BEGIN Information given

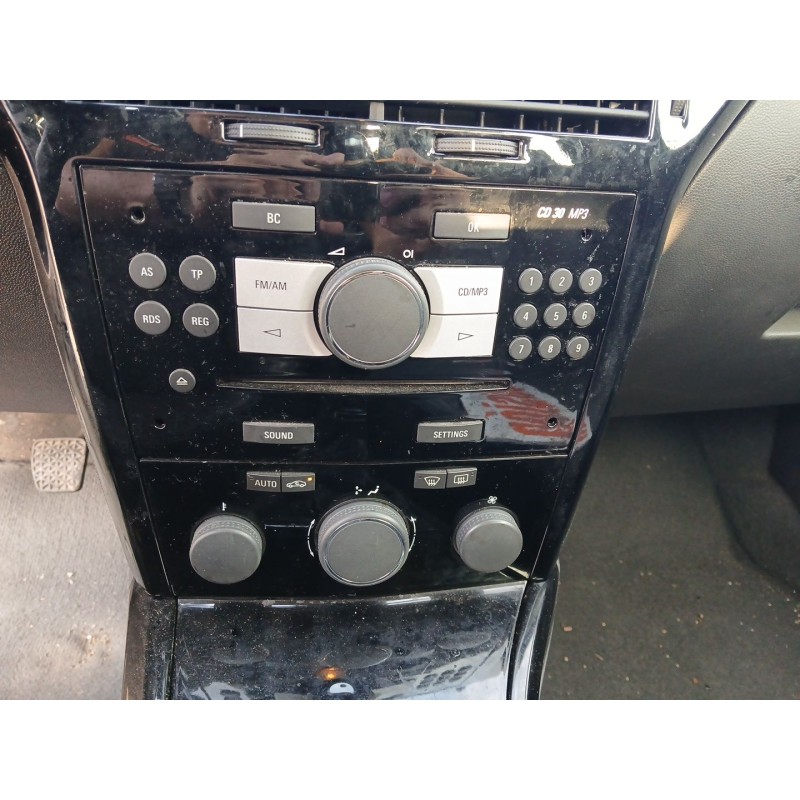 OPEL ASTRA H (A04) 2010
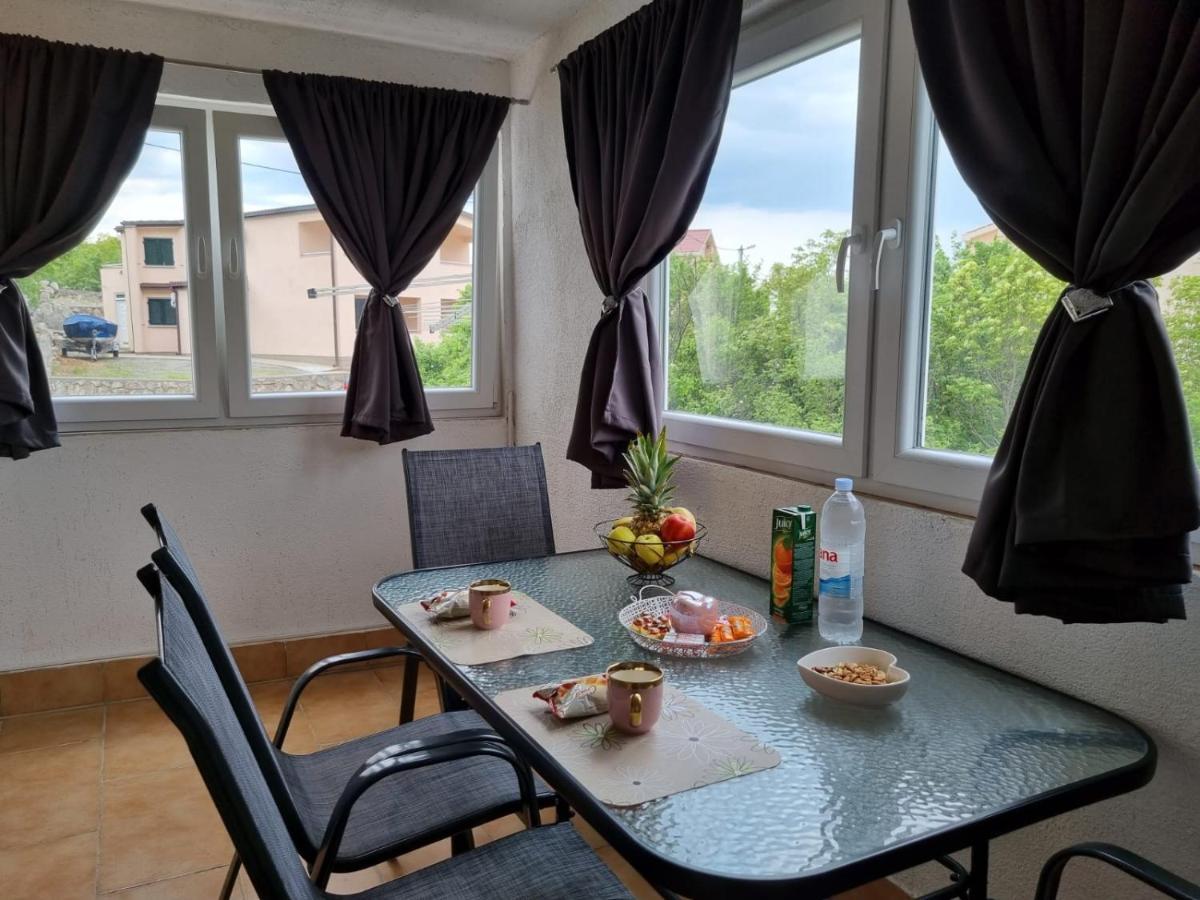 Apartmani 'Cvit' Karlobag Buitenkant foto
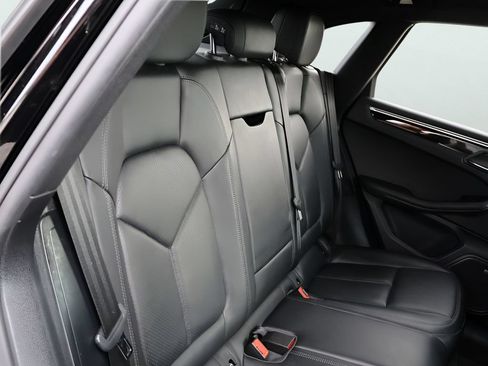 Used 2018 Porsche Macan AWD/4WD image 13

END Information given
BEGIN Information given

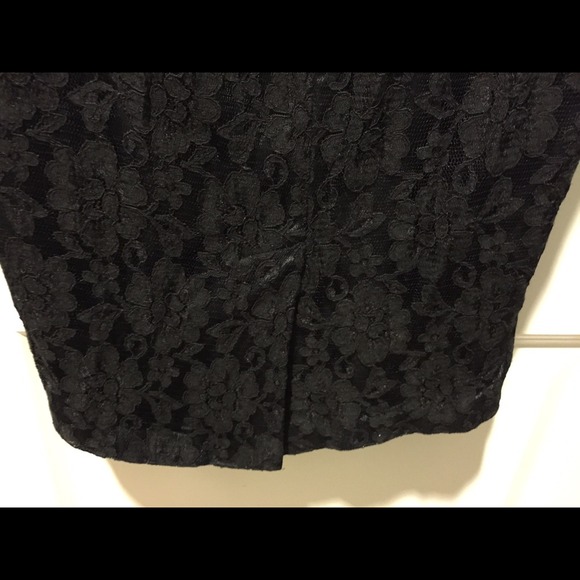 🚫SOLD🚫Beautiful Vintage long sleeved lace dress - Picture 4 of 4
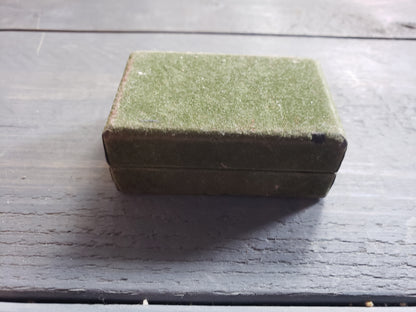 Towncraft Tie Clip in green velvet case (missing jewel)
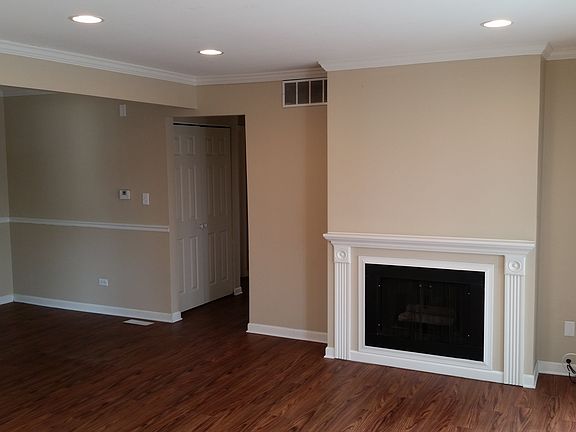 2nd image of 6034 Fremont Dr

END Information given
BEGIN Information given

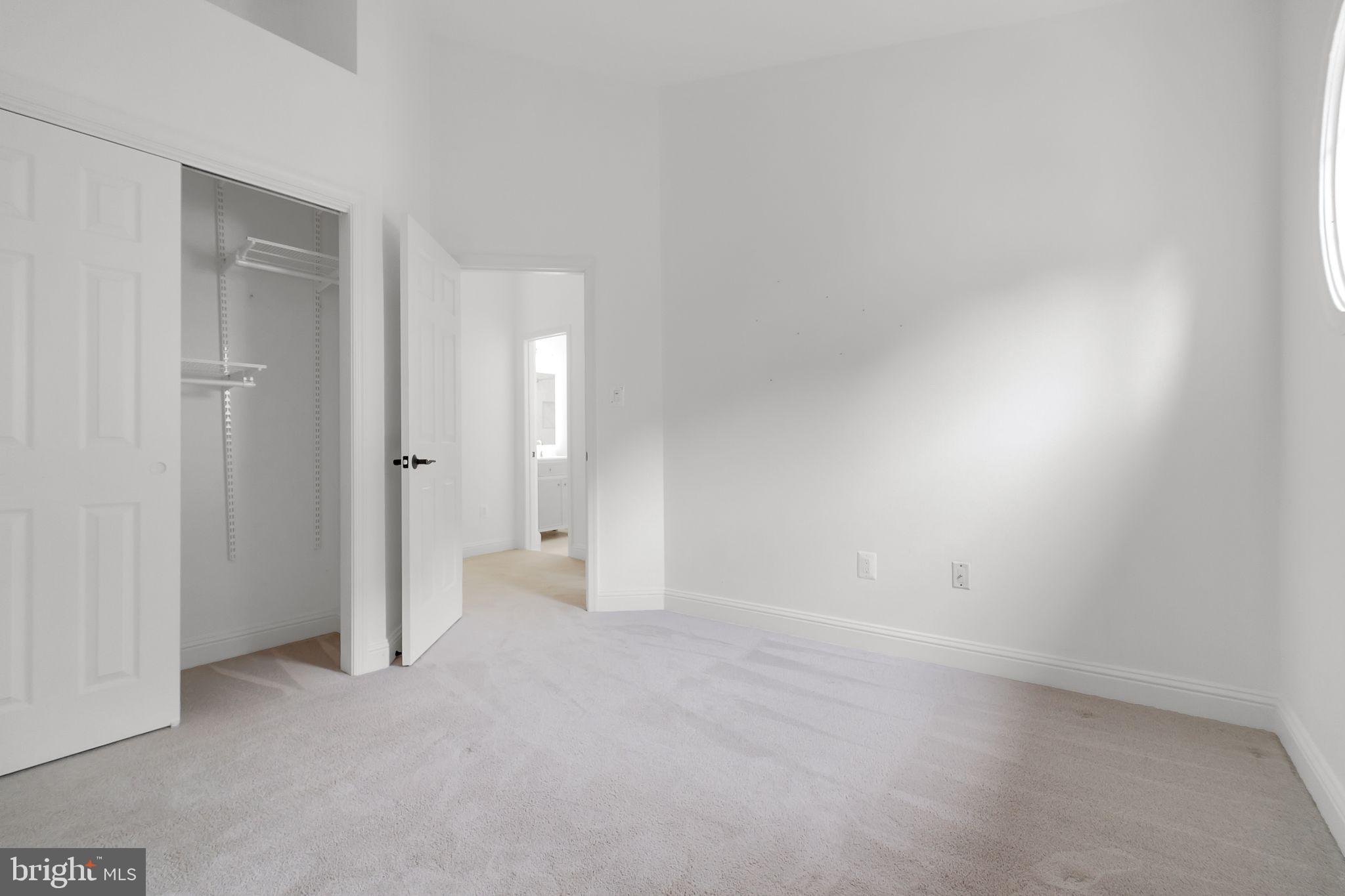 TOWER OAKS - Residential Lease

END Information given

● **Directions**
Write out word for word the lines of the listing above from the line with "Picture 4 of 4" to the line with "2nd image of 6034 Fremont Dr", taking in both of those lines but no pictures.

● **Result**
 🚫SOLD🚫Beautiful Vintage long sleeved lace dress - Picture 4 of 4
 Towncraft Tie Clip in green velvet case (missing jewel)
 2nd image of 6034 Fremont Dr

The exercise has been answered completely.